Lucene的Field说明
Lucene存储对象是以document为存储单元,对象中相关的属性值则存放到Field中;
lucene中所有Field都是IndexableField接口的实现
接口
表示用于索引的单个字段。 IndexWriter 使用 Iterable<IndexableField>
作为文档。
public interface IndexableField {
// 字段名称
public String name();
// 描述字段的属性
public IndexableFieldType fieldType();
/**
* 创建用于索引此字段的 TokenStream。
* 如果合适,实现应该使用给定的分析器来创建 TokenStreams。
*
* @param analyzer Analyzer that should be used to create the TokenStreams from
* @param reuse TokenStream for a previous instance of this field <b>name</b>. This allows
* custom field types (like StringField and NumericField) that do not use
* the analyzer to still have good performance. Note: the passed-in type
* may be inappropriate, for example if you mix up different types of Fields
* for the same field name. So it's the responsibility of the implementation to
* check.
* @return TokenStream value for indexing the document.
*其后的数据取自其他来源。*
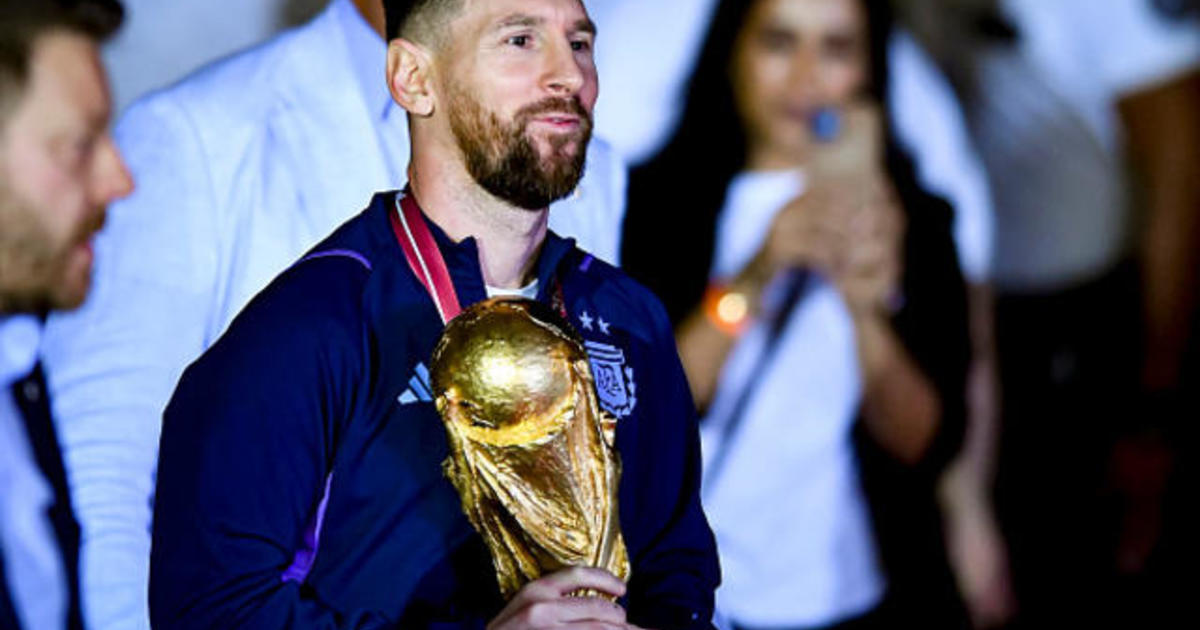 Argentina celebrates World Cup, NFL sees some stunning turnarounds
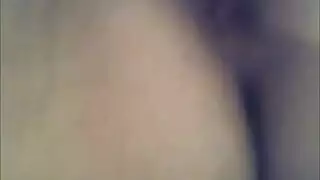 دمية الجنس العربية المطيعة تعود إلى زنزانة الأفلام الإباحية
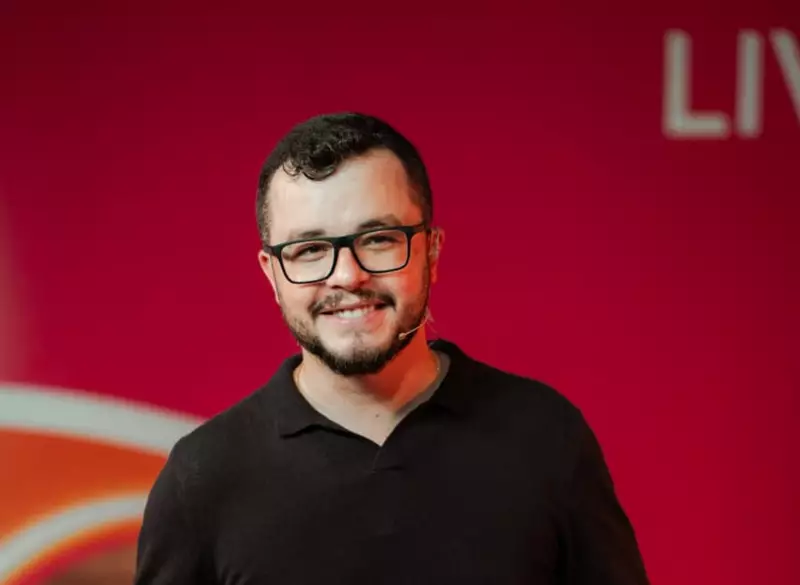 De Executivo a Mestre das Redes: O Gênio Por Trás das Influenciadoras do Mercado de Beleza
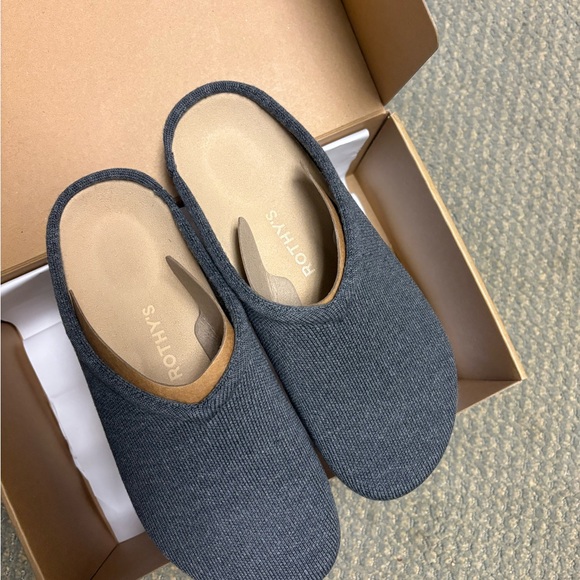 Rothy’s Casual Clog - Picture 3 of 6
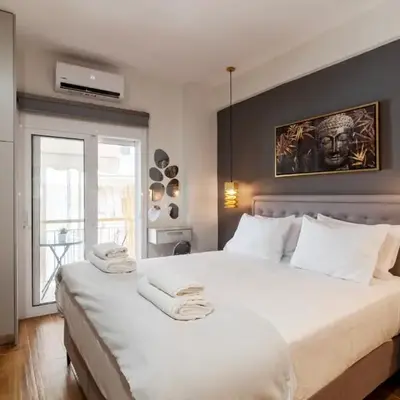 Luxury Boutique Suite w Balcony 5 min Metro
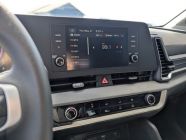 2025 Kia Sportage LX - Photo 11 of 18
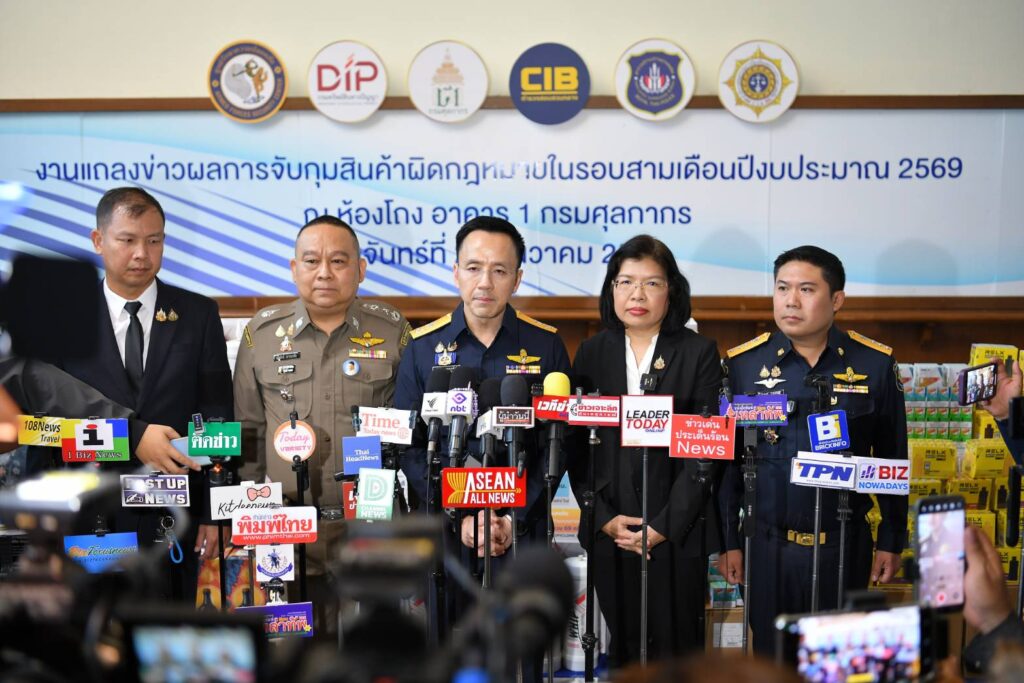 กรมทรัพย์สินทางปัญญา กรมศุลกากร ทำงานเชิงรุกโชว์ผล 3 เดือน จับกุม “สินค้าละเมิดเครื่องหมายการค้าและลิขสิทธ์” ทั้งนาฬิกาหรู กระเป๋า รองเท้า แบรนด์เนม น้ำหอมและอื่นๆ กว่า 80,000 ชิ้น มูลค่ารวมกว่า 708 ล้านบาท กรมทรัพย์สินทางปัญญา กรมศุลกากร ทำงานเชิงรุกโชว์ผล 3 เดือน จับกุม “สินค้าละเมิดเครื่องหมายการค้าและลิขสิทธ์” ทั้งนาฬิกาหรู กระเป๋า รองเท้า แบรนด์เนม น้ำหอมและอื่นๆ กว่า 80,000 ชิ้น มูลค่ารวมกว่า 708 ล้านบาท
Should always return
* a non-null value if the field is to be indexed
*/
public TokenStream tokenStream(Analyzer analyzer, TokenStream reuse);
/** Non-null if this field has a binary value */
public BytesRef binaryValue();
/** Non-null if this field has a string value */
public String stringValue();
/** Non-null if this field has a Reader value */
public Reader readerValue();
/** Non-null if this field has a numeric value */
public Number numericValue();
}
Field 父类
所有的Field均是 org.apache.lucene.document.Field 的子类;
public class Field implements IndexableField {
/**
* Field's type
*/
protected final IndexableFieldType type;
/**
* Field's name
*/
protected final String name;
/** Field's value */
protected Object fieldsData;
/** Pre-analyzed tokenStream for indexed fields; this is
* separate from fieldsData because you are allowed to
* have both; eg maybe field has a String value but you
* customize how it's tokenized */
protected TokenStream tokenStream;
//构造器和其他方法
}
常见 Field
项目中我们常用的Field类型主要有
IntField, LongField, FloatField, DoubleField, BinaryDocValuesField, NumericDocValuesField, SortedDocValuesField, StringField, TextField, StoredField.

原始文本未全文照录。